Vandaag valt Rusland Oekraïne binnen en probeer ik een stukje te schrijven over de vraag: welk artikel uit jouw tijd als hoofdredacteur staat je het meest bij? En wat heeft de H&W-lezer er vandaag de dag nog aan? Wat maakt dat een artikel je bijblijft? Ik denk aan 3 zaken: onderwerp, actualiteit en impact.

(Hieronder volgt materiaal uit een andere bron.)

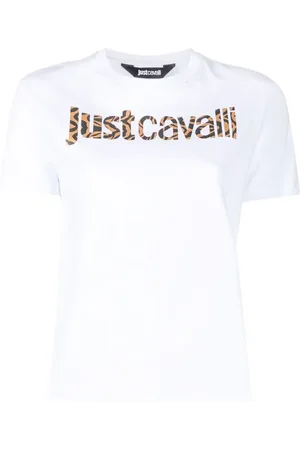 Roberto Cavalli Animal-print-logo T-shirt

Waarschijnlijk herinner ik me daarom goed dat de urologen van het ErasmusMC in 2009 aanboden om een bewerking te maken van hun artikel over het nut van screening op prostaatcarcinoom met het prostaat specifieke antigeen (PSA). Arno Hoes noemde dit ook wel het ‘patient scaring antibody’. Het ging om de resultaten van een door hen begeleide Europese trial. Publicatie van de trial in de New England Journal of Medicine zou gelijktijdig plaatsvinden met publicatie van een Nederlandse bewerking in H&W.12 Een dergelijk aanbod kregen we niet iedere dag! En het was een zeer relevant, actueel onderwerp met grote impact, dus het aanbod namen we graag aan. We bedachten wel meteen dat een dergelijk stuk een redactioneel commentaar vereiste. Ik zal u niet vermoeien met de details, maar de auteurs van dat redactioneel commentaar concludeerden na analyse van de onderzoeksresultaten dat de door de urologen aangedragen argumenten het nut van screenen niet onderbouwden.

Beide bijdragen verschenen in H&W 2009-7, in eendrachtige samenwerking met de urologen. En juist dat maakte het zo bijzonder: een vlotte samenwerking tussen 2 ‘tegengestelde kampen’. Hoewel we het inhoudelijk geheel niet met elkaar eens konden worden, startte hiermee een stevige discussie met grote relevantie voor de huisartsenpraktijk en het screeningsdebat in een gezamenlijke inspanning. Al snel werd duidelijk dat de keuze van de uitkomstmaten de waardering van de resultaten bepaalt. Gaat het om het vervroegd opsporen en verminderen van sterfte door prostaatkanker of om het verminderen van de totale sterfte? En tellen ‘bijwerkingen’ als incontinentie, impotentie en postoperatieve klachten ook nog mee?34 Dat debat duurt nog steeds voort.

Er verschenen nog diverse meta-analyses en beschouwingen.5 Vier jaar later schreven Van der Meer en collega’s dat huisartsen na publicatie van de screeningstrial minder PSA-testen waren gaan aanvragen, waarop de urologen ogenblikkelijk het tegendeel betoogden.67 In 2019 bezongen Hugosson et al. opnieuw de zegeningen van screening, waarbij ze de resultaten van een follow-upduur van 16 jaar presenteerden: een ziektespecifiek verschil in mortaliteit van 1,8 per 1000 (na 16 jaar follow-up).8 Er valt van alles te zeggen over dit onderzoek, maar u zult niet onder de indruk zijn van dit getal. We screenen dus nog steeds niet. Gelukkig maar.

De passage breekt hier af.